(Data records)
= = = = = = =

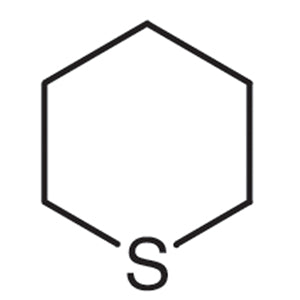 TCI P0044 1613-51-0 Pentamethylene Sulfide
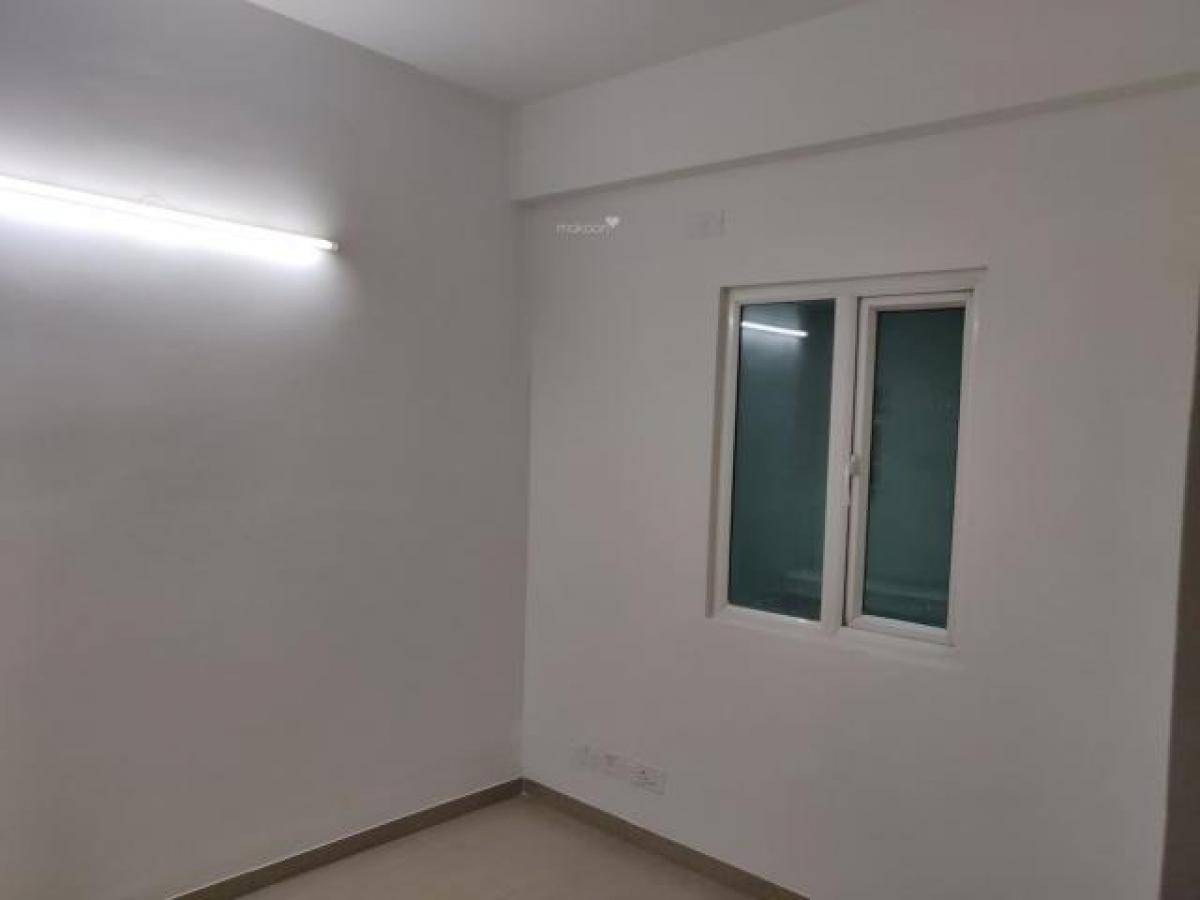 Дом с 2 спальнями в Нойда, Индия № 17019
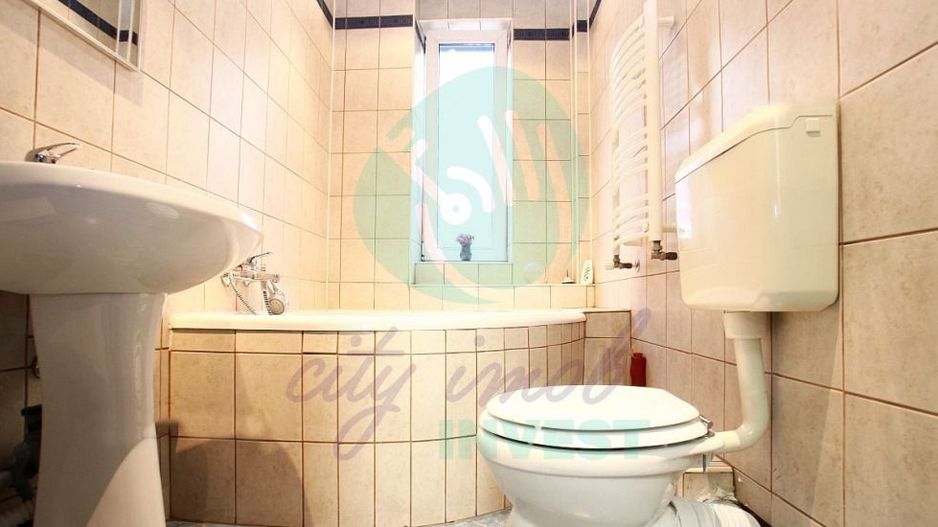 Apartament cu 2 camere - Poză 10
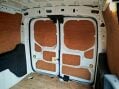 Ford Transit Connect 1.5 220 EcoBlue Leader L1 Euro 6 (s/s) 5dr 10
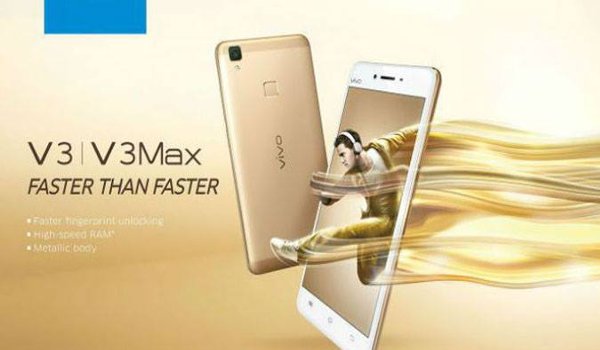 6 most expensive Chinese smartphone in India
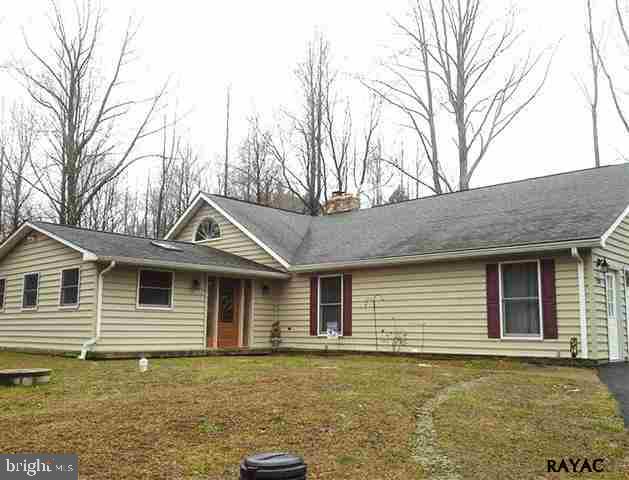 270 McCall Road Delta, PA 17314 - Photo 1 of 36 Gallery Image 1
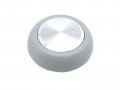 Climatek Washing Machine Washer Dryer Control Knob Fits Maytag Wpw10180213 Ap6016407 W10180213 Ps11749694 
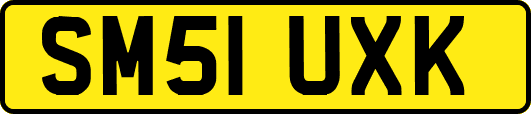 SM51UXK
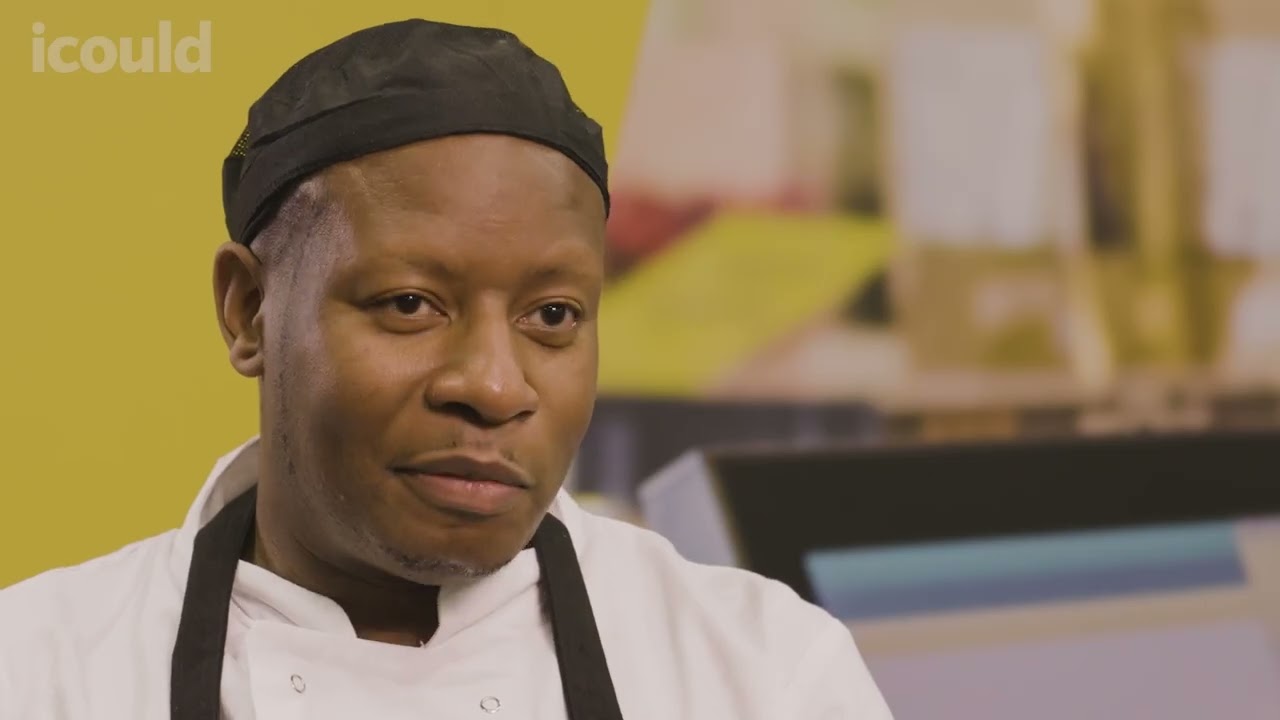 Career advice on becoming a sous chef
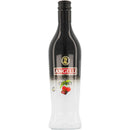 Lichior Crema di Cioccolato & Cherry 0.50L SGR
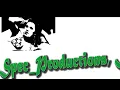 Jeanne Mas - Johnny, Johnny (1985)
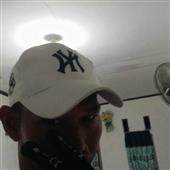 Co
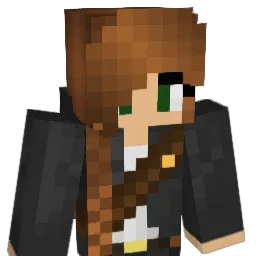 SaySay008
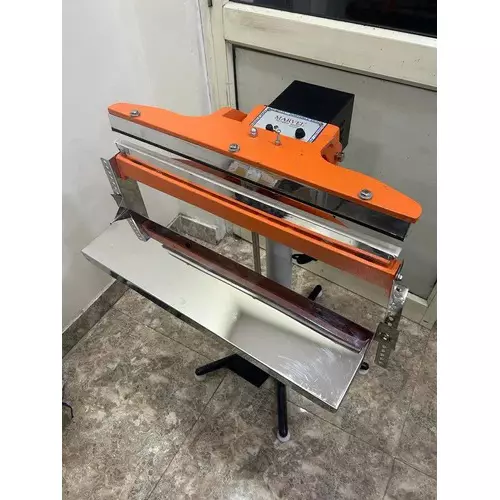 marvel-foot-sealer-800-w-power-500-mm-sealing-length-mpsfs500-hb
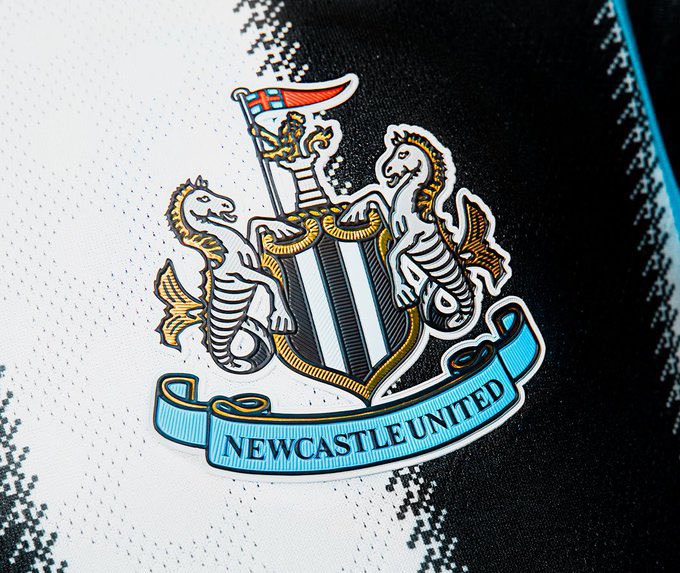 NUFC Blog tweet media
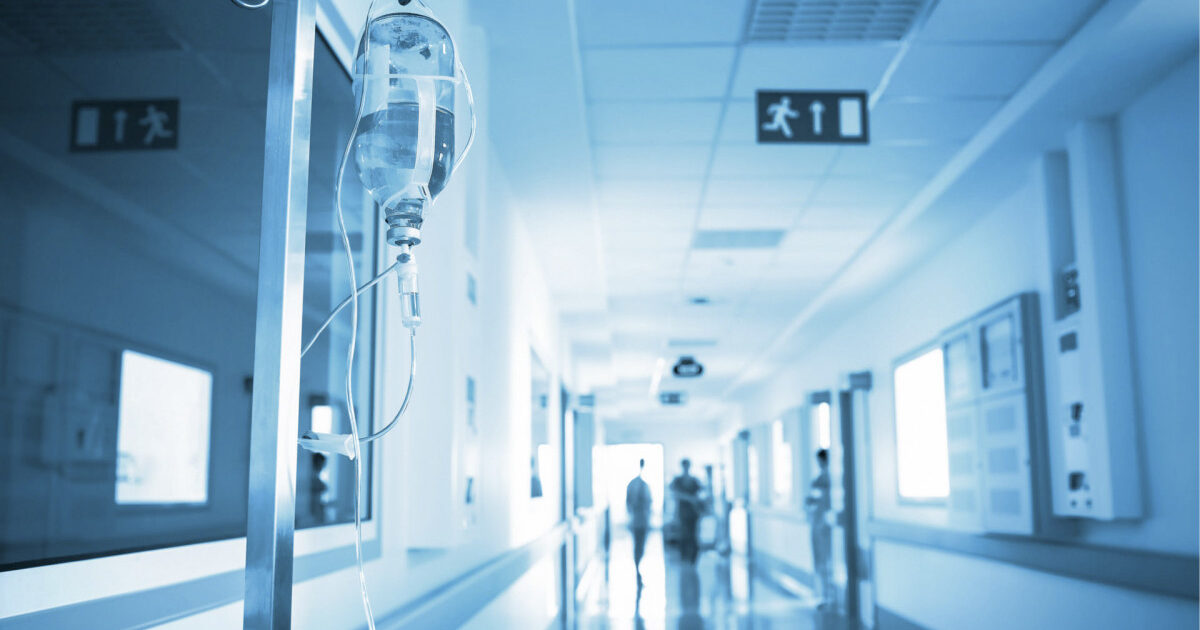 image-68f876a8b2cb868f876a8b2cb9176111376877f6fbc8c0c5d14903a795ef189f13ec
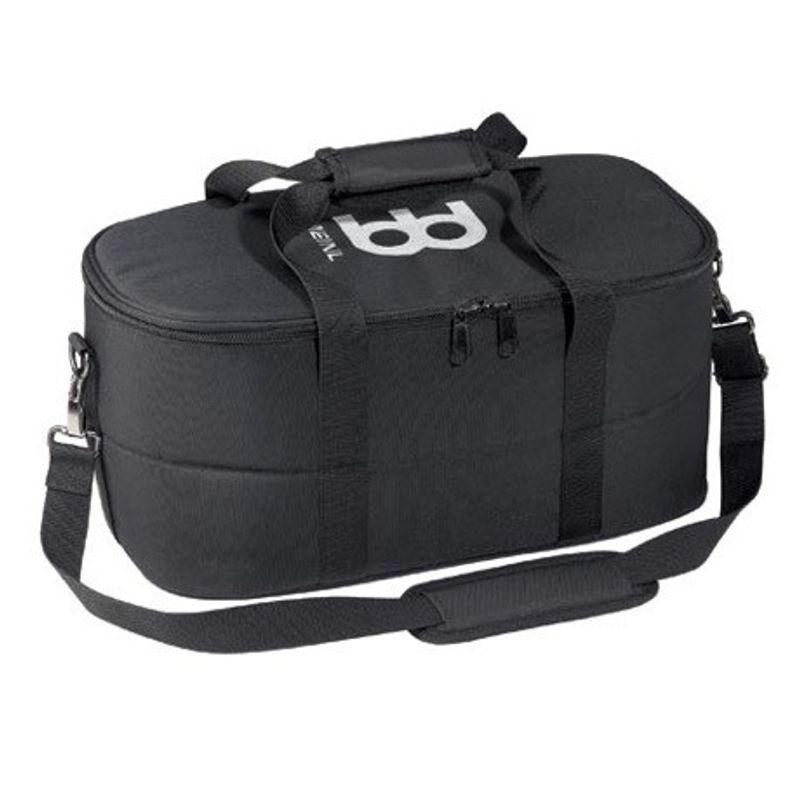 Meinl MSTBB1 Bongobag 7,5/8,5"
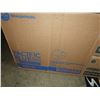 Image 2 : Multiple Boxes Pacific Blue Toilet Paper, Seat Covers & Tissue Dispensers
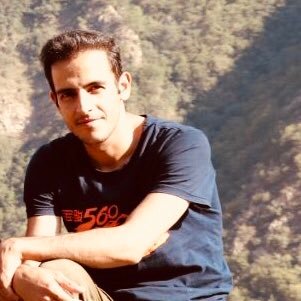 kakaee72's profile picture. 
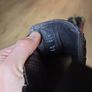 Boots of Spanish Leather (10/44) Image 7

= = = = = = =

▸ PROBLEM: No pictures go in the copy. Retype exactly the lines from the one with "Meinl MSTBB1 Bongobag" through the last line of the entries above, both included, and nothing more.

▸ TASK SOLUTION:
 Meinl MSTBB1 Bongobag 7,5/8,5"
 Image 2 : Multiple Boxes Pacific Blue Toilet Paper, Seat Covers & Tissue Dispensers
 kakaee72's profile picture. 
 Boots of Spanish Leather (10/44) Image 7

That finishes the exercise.